Creo que hay que reordenar los objetivos a alcanzar por los verdaderos demócratas. El primero de esos objetivos consiste en expulsar de las instituciones a los representantes de la reacción, que numéricamente es mucho más amplia de lo que sospechamos. El Sistema ha conseguido que una voluminosa masa de ciudadanos haya quedado adherida al modelo burgués, peligrosamente degenerado, como las moscas al viejo papel recubierto de miel. Muchos de esos ciudadanos andan ahora revueltos por las necesidades a que los someten los poderes establecidos.
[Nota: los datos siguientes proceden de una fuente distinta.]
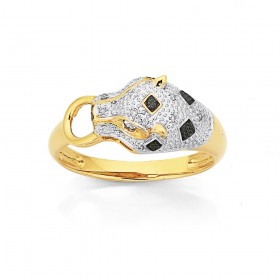 9ct-Leopard-Diamond-Head-Ring on sale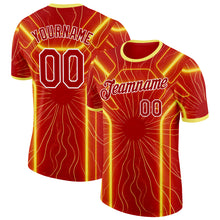 Load image into Gallery viewer, Custom Red White-Yellow North Macedonia Performance T-Shirt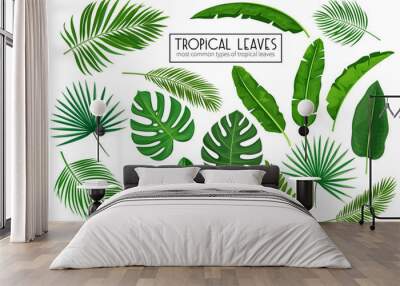 set tropical leaves Wall mural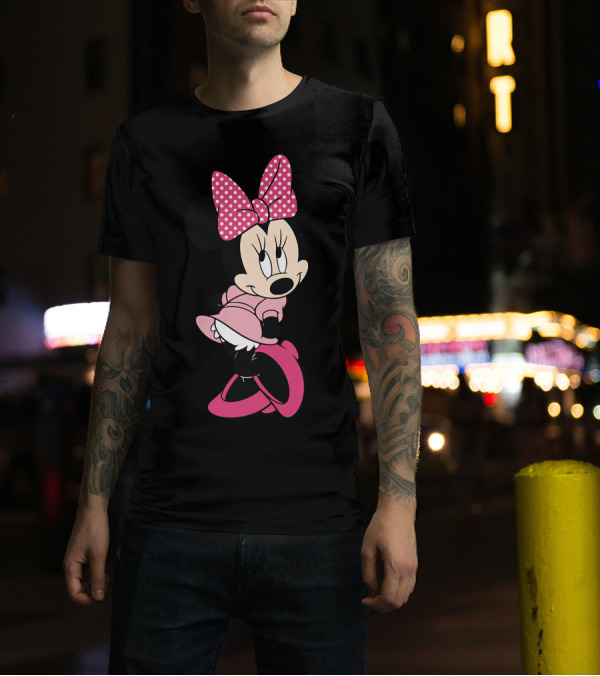 Minnie Mouse Pink Polka Dot Bow And Dress Iconic Pose T-Shirt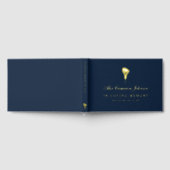 金ゴールドCala Lily Navy Blue In Loving Memory ゲストブック (全面)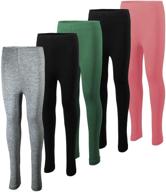 👖 miss popular 5-pack girls leggings: sizes 4-16, soft & comfortable cotton spandex, elastic waistband, wide color variety logo
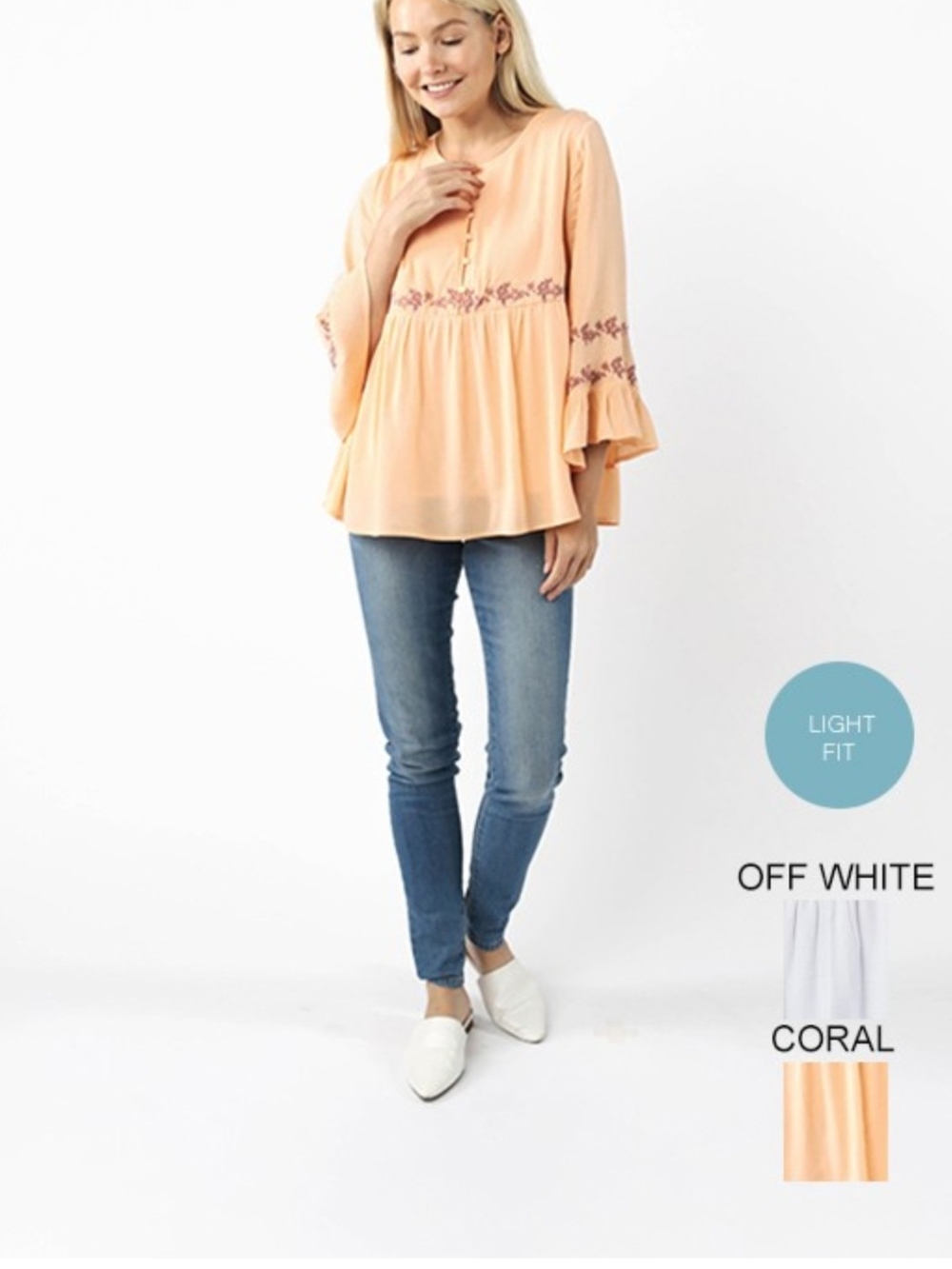 Tea N Rose Flounce Embroidered Women's Coral Peasant Blouse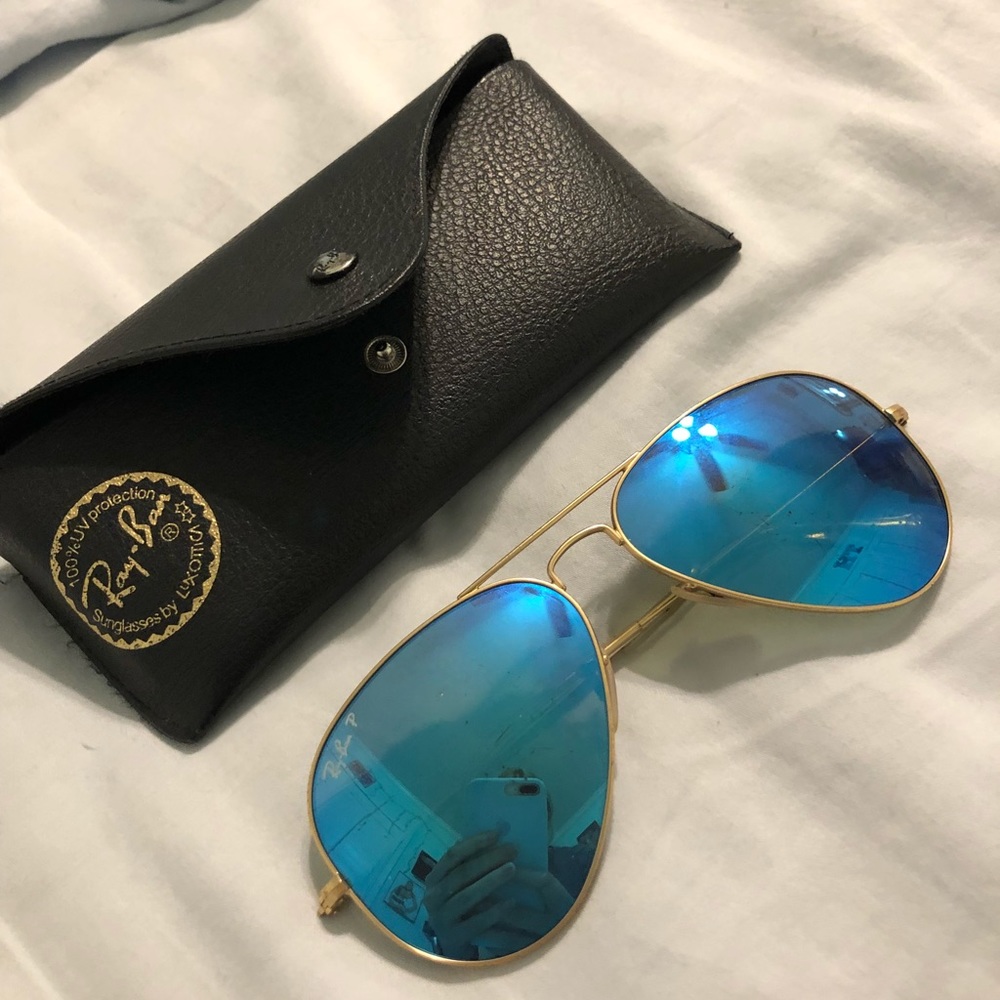 Ray-Ban Sunglass Aviators - Blue - Polarized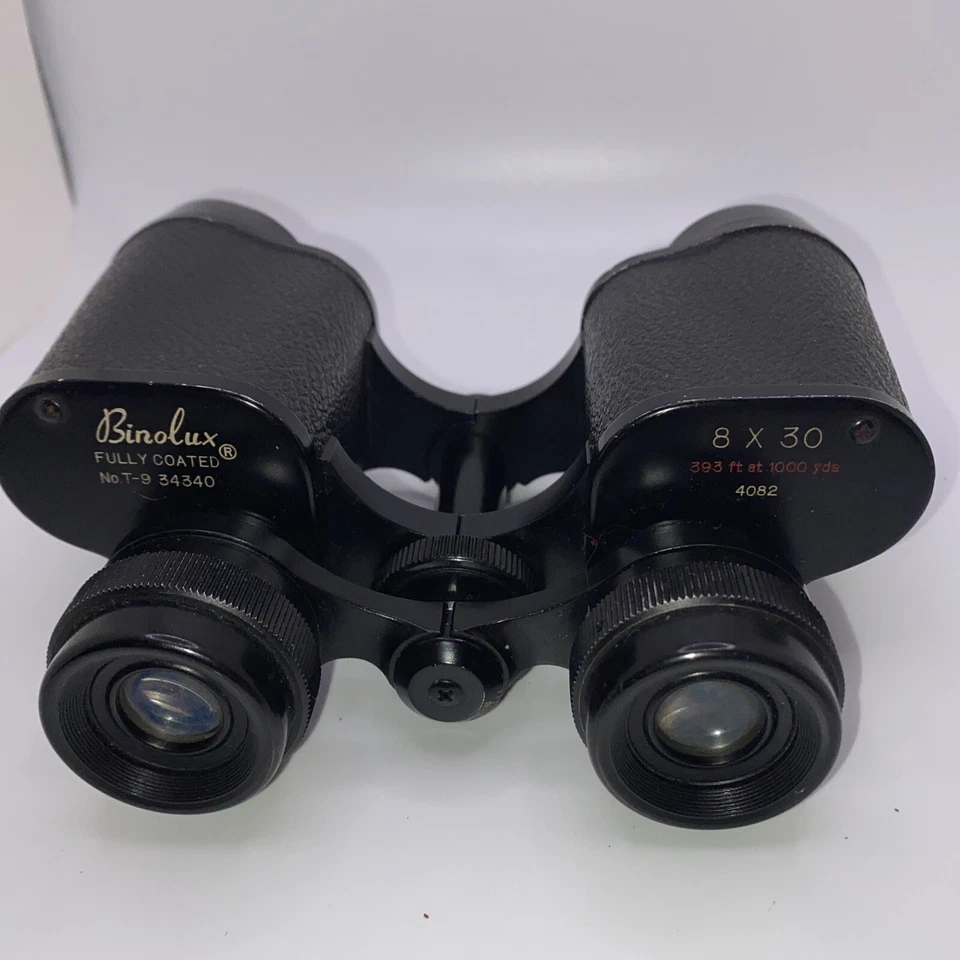 Binoculars 8x30 Binolux Black Ostrich Carry Case Built In Compass T-9 34340 - Image 2 of 4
Ciudadanos revueltos, pero no convencidos de que sea posible otro horizonte que el que les oprime. Este autoengaño se agudiza cuando tales ciudadanos creen que el medio institucional cede a las urnas y sus entramados.

No he leído, pese a que soy lector profuso, que nadie haya subrayado que ya está en marcha la gran coalición entre el Partido Popular y los socialistas. Esa coalición inicial funciona desde la presidencia del Congreso y la Moncloa. Es más, al frente de esa coalición en el Congreso figura un socialista como Patxi López –con su experiencia vasca anterior–, mientras el Ejecutivo «popular» se articula con el Sr. López en la Cámara de diputados. Desde ambos poderes, en pinza ya activa, se va decidiendo la política española, aún en manos del Sistema, que se refuerza con un uso común del lenguaje político contaminante y del que debieran huir los nuevos diputados progresistas. A este respeto, cabe tener en cuenta, según James Hilman en su “Reimaginar la psicología”, que «los términos adquieren la sustancia de los cuerpos que designan». Es ante esta realidad que los nuevos diputados progresistas deberían evitar la apertura de brechas en el frente del avance común. Pese a los avances logrados, las instituciones aún pertenecen a los amos que las dotan de identidad y valor. Desde esas instituciones, si se entienden como distintas y propias por conquista, la vieja España seguirá siéndolo.